Sarà colpa del whisky o sarà colpa del caffé? Nel dubbio è colpa dell'Inter. Quantomeno per Gasperini che, di solito, trova sempre il modo, il tempo e il luogo per affibbiare alla Beneamata qualche delitto del presente o qualche dose di colpevolezza come retaggio di un passato mai riuscito a mandar giù. Che poi, di ragioni per il dente avvelenato Gasp ne ha qualcuna, se non fosse che traggono origine da uno 'sgarro' tanto vecchio da passare quasi nell'oblio sportivo. Una sorta di residuo finito su un fondo di bottiglia tanto profondo da non scrostarsi neppure più e non apparire persino neppure visibile: cosa resta dunque?

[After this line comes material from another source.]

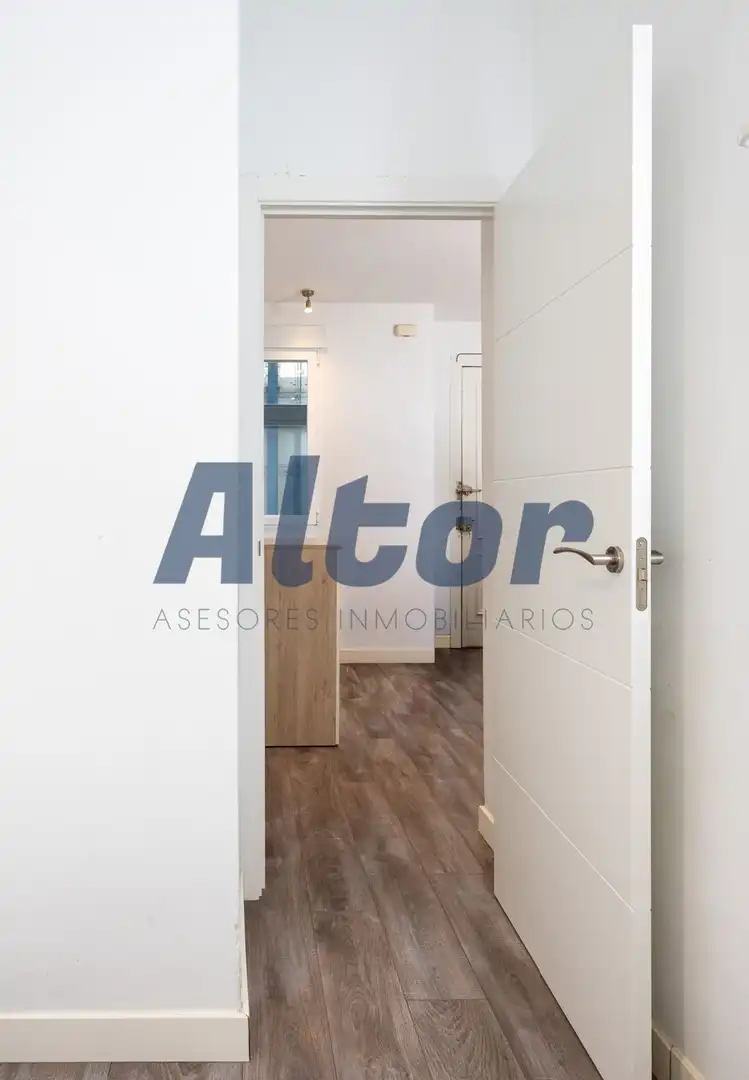 Habitación de Piso en venta en Madrid con Aire acondicionado y Calefacción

Liquida frustrazione lasciata sgorgare ogniqualvolta è concesso farlo per il semplice gusto di farlo. Il risultato però è un triste, a tratti patetico, giochino del piangina che non fa neppure più notizia e quel che ne resta è un misero piagnisteo di dubbia tolleranza. Non questa volta. Non ieri l'altro.

La gara di San Siro dello scorso venerdì non ha lasciato grande spazio ad alibi, lacrime e recriminazioni varie e il buon Gasp si è ritrovato a dover fare spallucce, accollare alla sua squadra (e accollarsi) le responsabilità di una partita che non ha mai visto una storia diversa da quanto raccontato dall’epilogo. E nulla ha potuto la commovente narrazione di Davide stritolato accidentalmente dal terribile e cattivo Golia, troppo astuto per permettere alla morale ellenica di trionfare, già pronta in bozze. Questa volta Golia ha giganteggiato sì, ma Davide non si è mai presentato all’appuntamento e l’assenteismo non è giustificabile dal mercato delle altre, fatto di giocatori nuovi e big “al sicuro” al fronte dei debiti da 300 milioni. Eh no. Non stavolta. 

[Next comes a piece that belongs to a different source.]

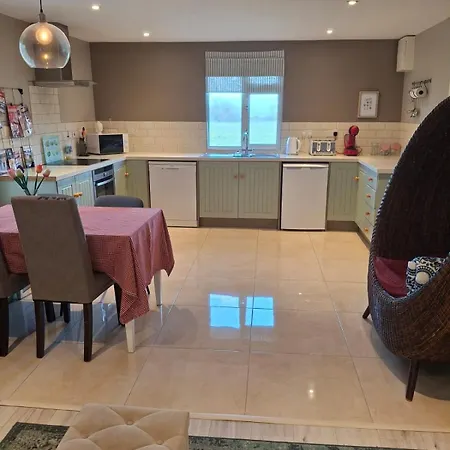 Country Retreat, Ireland's Hidden Heartland F35 Yc67 *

Con una buona percentuale di giocatori non al top della forma, un Lautaro ancora lontano dalla smagliante prestanza della scorsa stagione, una quadra ancora da solidificare e qualche defezione da assorbire del tutto, l’Inter di Inzaghi sembra non essere mai andata in vacanza e quella vista a San Siro contro la Dea sembrava essere la 41esima giornata di una stagione mai conclusa. I campioni d’Italia, che di tasselli ne hanno cambiati davvero pochissimi, si son presentati al primo big match della stagione con una nonchalance da imbarazzo… per le avversarie. E a far per prima le spese è proprio la malcapitata Atalanta, protagonista della sessione di mercato appena conclusa e tra le più indicate rivali dei campioni in carica: e finisce così? 

A quanto pare sì. Un risultato frutto sì, di gravi mancanze degli orobici, ma anche e soprattutto di un’Inter prorompente, roboante e a tratti devastante che sembra persino più matura e completa dello scorso anno. Corale, solida, cinica, organizzata, agile, brillante e divertente, la squadra di Inzaghi non teme aspettative e pressioni e sebbene questo sia solo l’inizio, per Gasperini e per tutti gli altri il messaggio è chiaro: il libro delle polemiche va rinnovato in fretta, non c’è spazio per fantasia e marcature, gli uomini di Simone sono indemoniati persino più dello scorso anno.